*** Data for the task

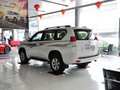 普拉多 普拉多 4.0L AT TX-L 7座 2010款图片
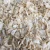 Import 100% king oyster mushroom in can in brine from China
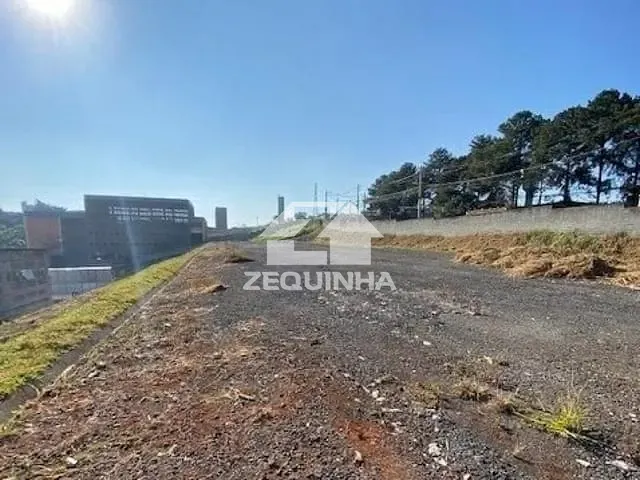 Terreno com 5700m², para alugar, no bairro Jardim Mutinga em Barueri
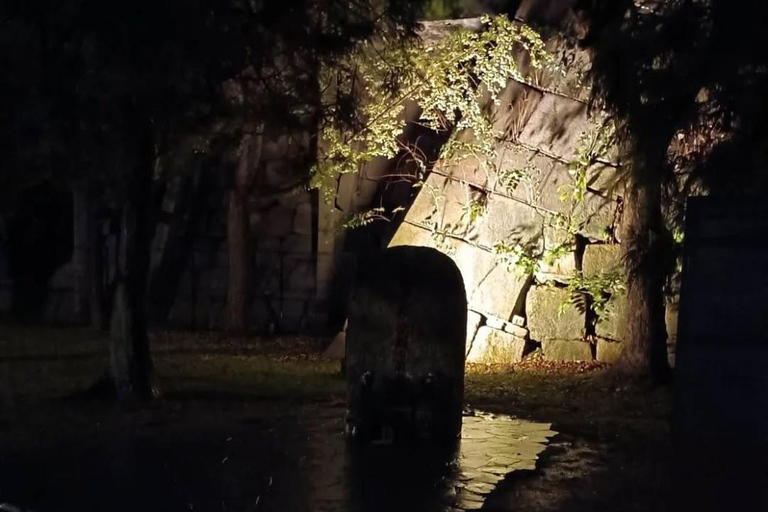 Osaka: Osaka Castle Haunted Night Walk
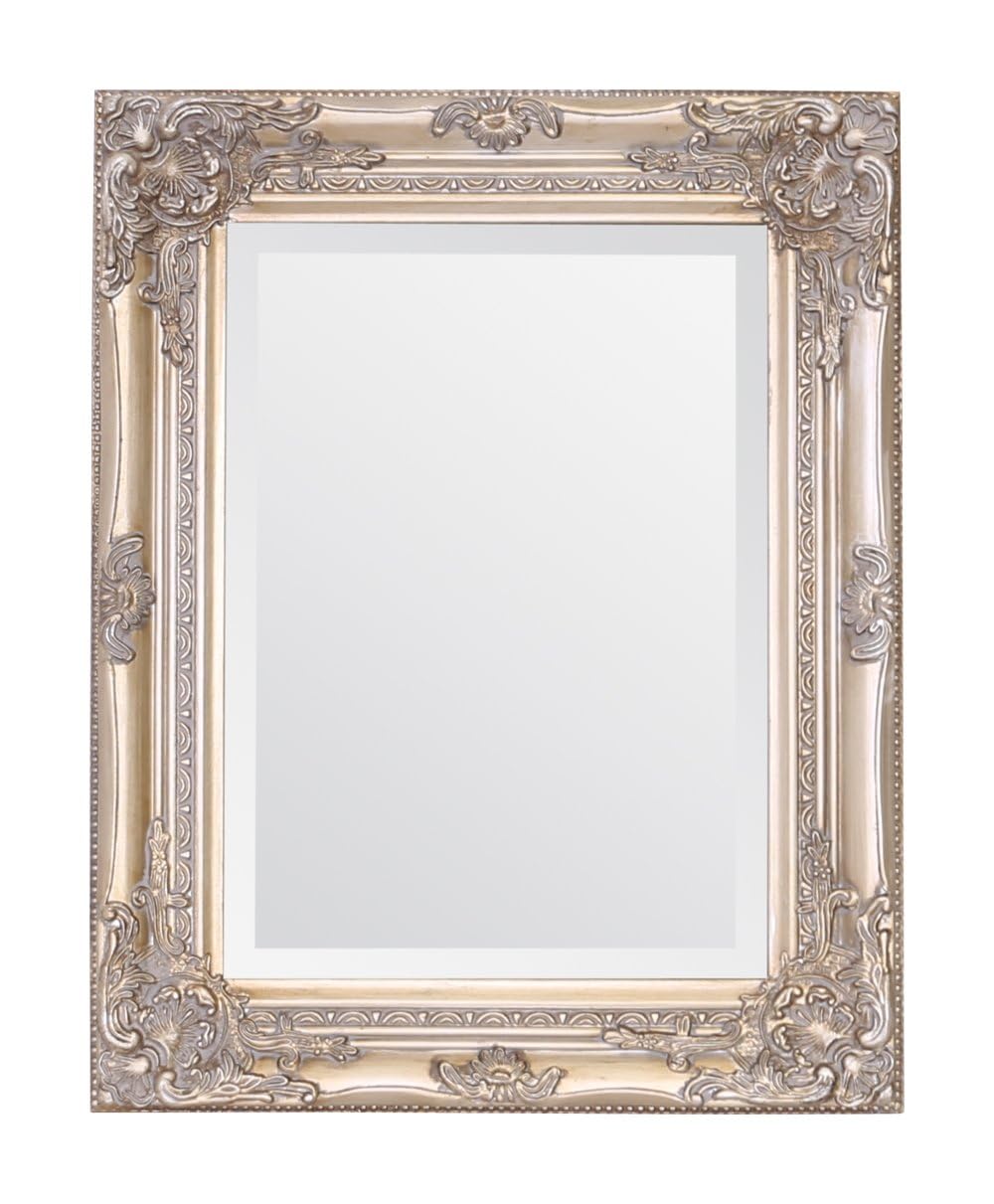 Select Mirrors Spiegel Rhône Vintage Französisch Barock Antik Stil 42cm x 53cm Shabby Chic Wohndeko (Antiker Champagner)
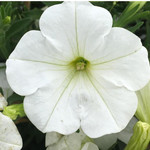 Jolly Farmer DuraBloom White Petunia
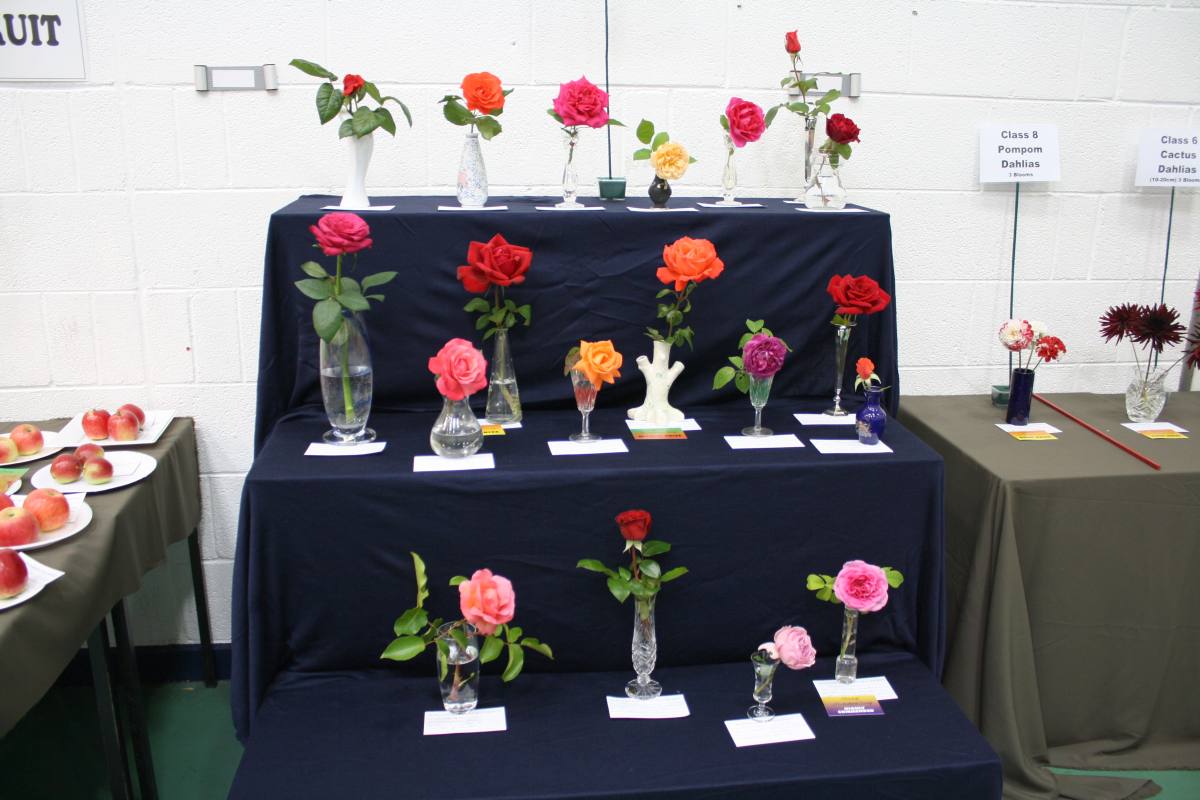 ../Images/Horticultural Show in Bunclody 2014--34.jpg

******

**What to work on:** Copy exactly the lines that run from the line containing "Osaka: Osaka Castle Haunted Night Walk" to the end of the data above, keeping both end lines and leaving out all pictures.

**Exercise output:**
 Osaka: Osaka Castle Haunted Night Walk
 Select Mirrors Spiegel Rhône Vintage Französisch Barock Antik Stil 42cm x 53cm Shabby Chic Wohndeko (Antiker Champagner)
 Jolly Farmer DuraBloom White Petunia
 ../Images/Horticultural Show in Bunclody 2014--34.jpg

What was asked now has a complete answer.